> **Activity**
Output the whole listing below exactly, omitting the images.

> **Given data**
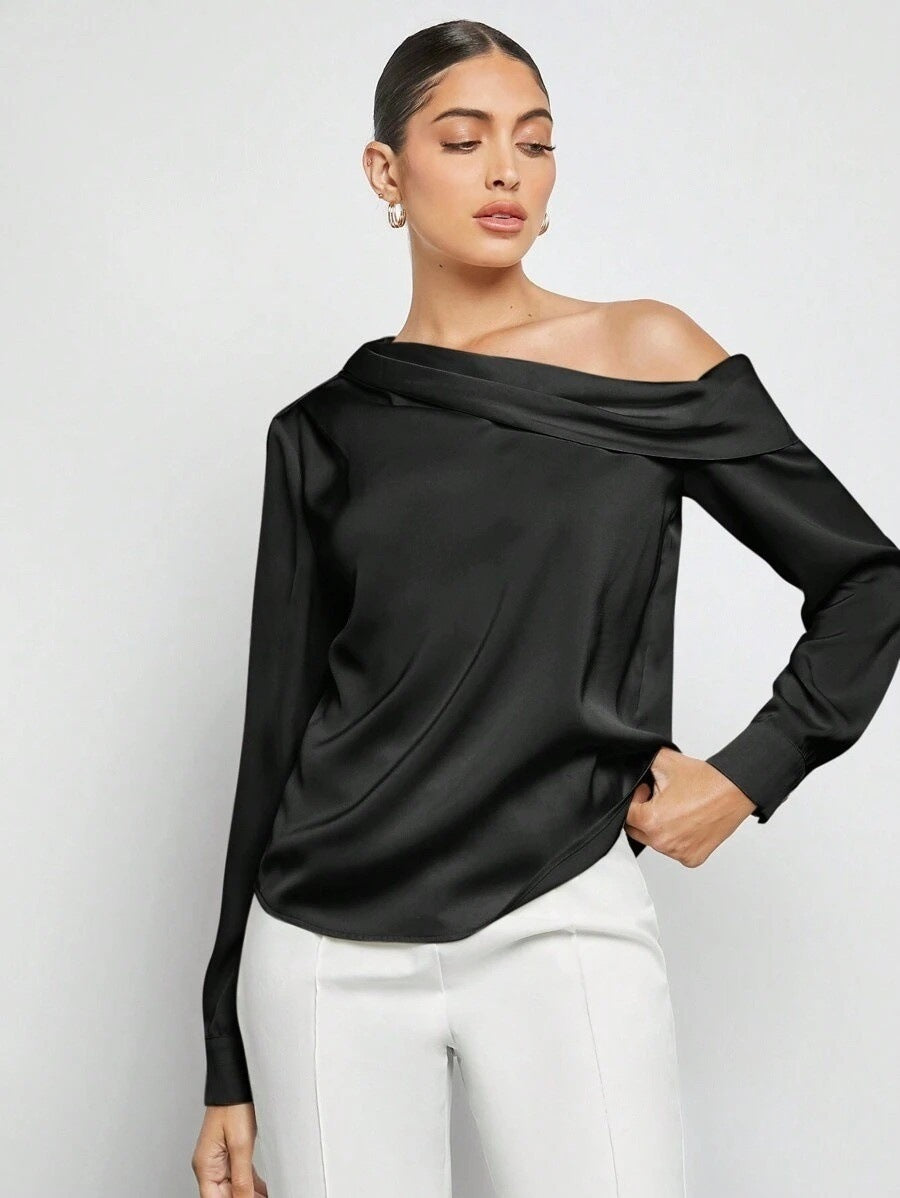 Foreign trade cross-border pleated satin shirt top spring and summer European and American Amazon off-shoulder asymmetrical long-sleeved shirt women's clothing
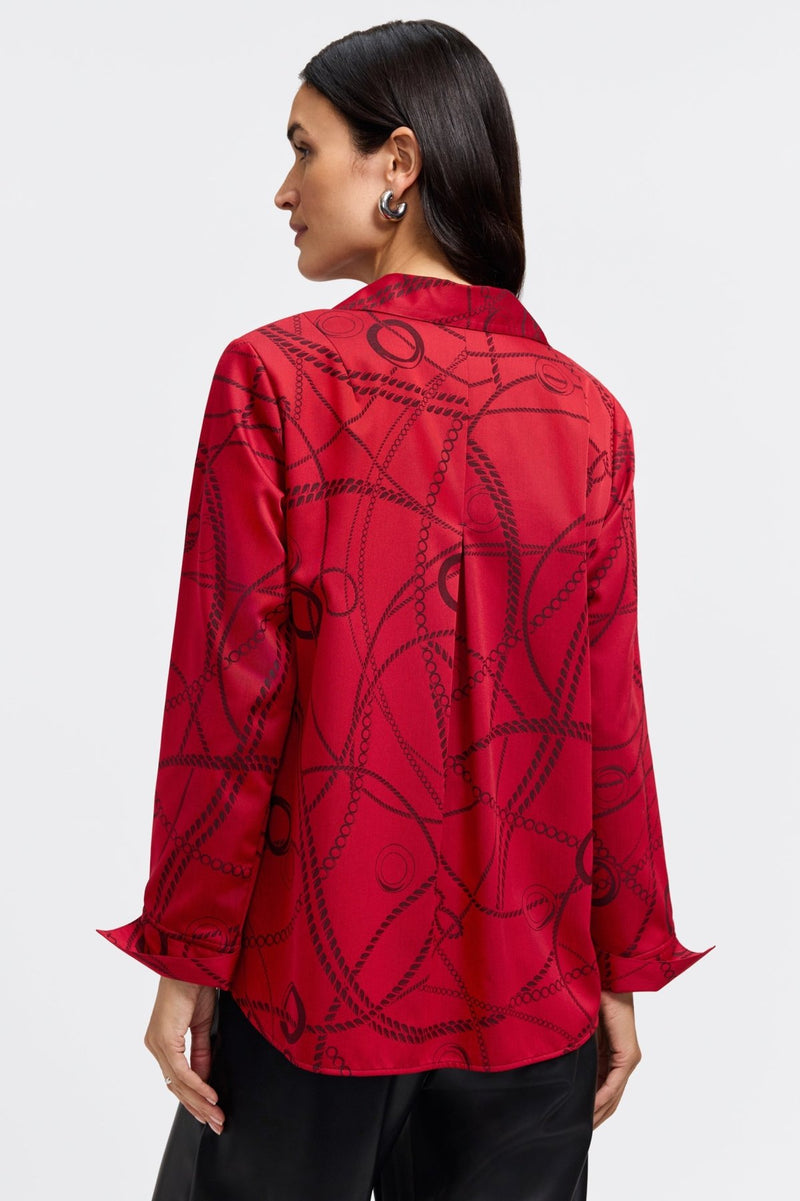 Foxcroft | Agnes Chain Stripe Jacquard Long Sleeve Popover Shirt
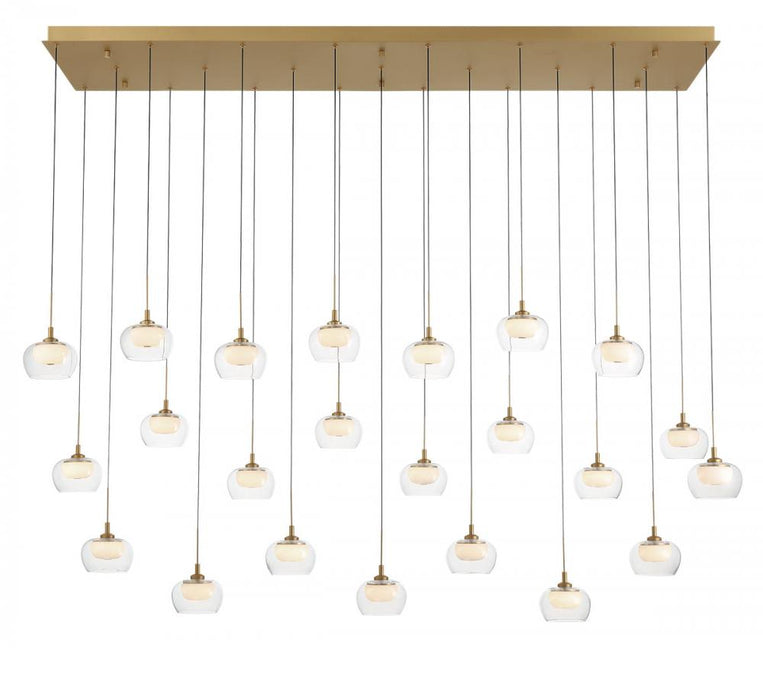 Manarola, 23 Light Rectangular Led Chandelier, Painted Antique Brass | 12245-030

> **Response area**
 Foreign trade cross-border pleated satin shirt top spring and summer European and American Amazon off-shoulder asymmetrical long-sleeved shirt women's clothing
 Foxcroft | Agnes Chain Stripe Jacquard Long Sleeve Popover Shirt
 Manarola, 23 Light Rectangular Led Chandelier, Painted Antique Brass | 12245-030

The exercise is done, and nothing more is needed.